We're already beginning to see this in gaming. Bioware is at the forefront of gay inclusiveness in games, allowing players to have a leading roll as a gay, lesbian, or bisexual hero in their popular roleplaying games. Video games are still a young medium, so it will take time before we have whole gaming series led by gay protagonists, but that change will come as more gay and gay friendly people become involved in the development of video games, and gamers continue to express their support with their words and their dollars.
I don't care about gay inclusiveness in games because I don't have to. Inclusiveness is a natural byproduct of the free market. The way to enact change in a free market is not to tear down, but to build.
The funny thing is, women are fighting a battle that they've already won years ago.

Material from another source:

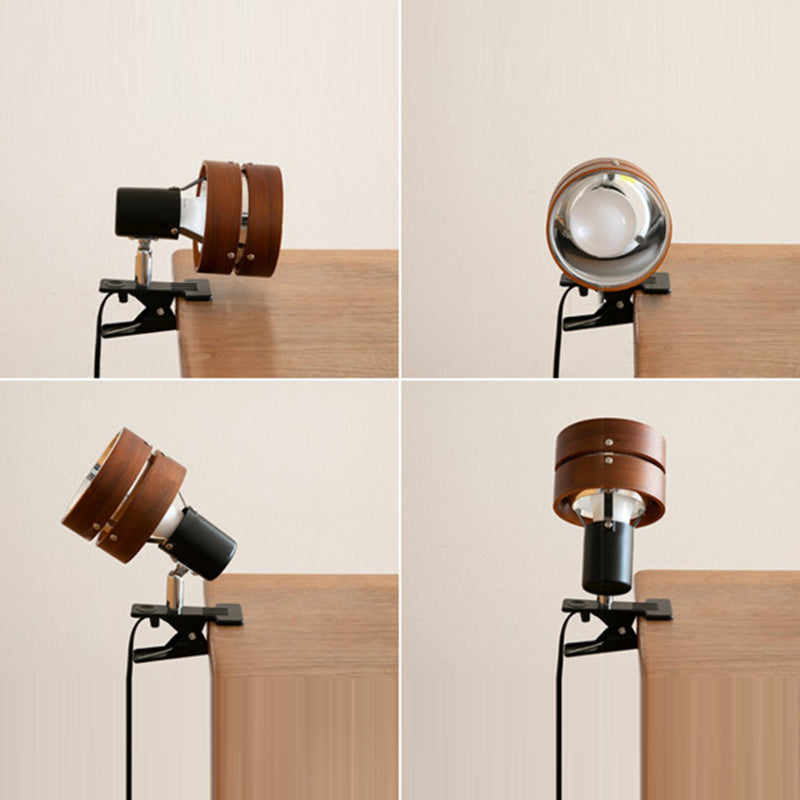 Japanse Wandlamp van Hout, IJzer en Acryl – Naturel of Walnoot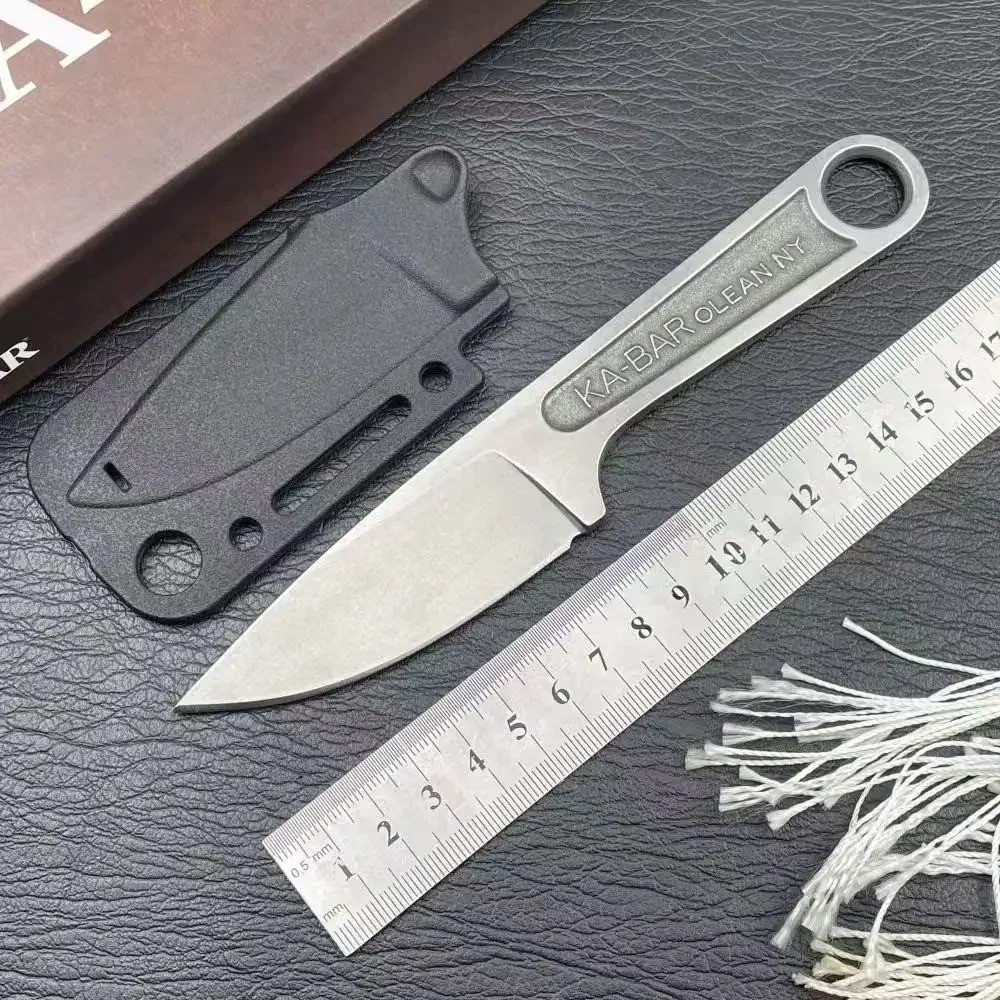 Ka-Bar Wrench Fixed Knife 3″ Blade 425 Carbon Steel One Piece. Free Shipping.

There are already plenty of women in games whose characters are given just as must depth as their male peers. What these people have a problem with is the way that females are stereotyped, calling this a grave injustice while ignoring the fact that EVERYONE is stereotyped, men included. Video games are no more guilty of this than film, television, and books are.
Perhaps the biggest mistake these people make is placing the blame on video games as a whole, as if the entire medium is an intelligent organism that is actively denying them. If someone doesn't like a TV show they'll blame the writers, or the director, or the studio. They would know that TV is just a technology, a content delivery system, and it's not the fault of the medium as a whole, and they certainly wouldn't stereotype every single person who watches television because of it. They would not say that all people who watch television are homophobic because there aren't enough gay people in leading roles on prime time shows, for example.
Yet this is the exact attitude that social justice warriors have with video games. Somehow it's the fault of video games as a whole that they're unhappy, and they judge every person who plays video games as guilty by association. This leads to their ridiculous claim that gamers, who are comprised of 1.2 billion people worldwide from all backgrounds, colors, and creeds are somehow all white heterosexual males who hate women. I suppose that includes all the gamers in China, Japan, Mexico, Thailand, and so on.
Since this post has gone on long enough, I will conclude by saying one thing directly to the social justice warriors who are determined to take a universal entertainment medium and make it all about their petty identity politics: BACK OFF!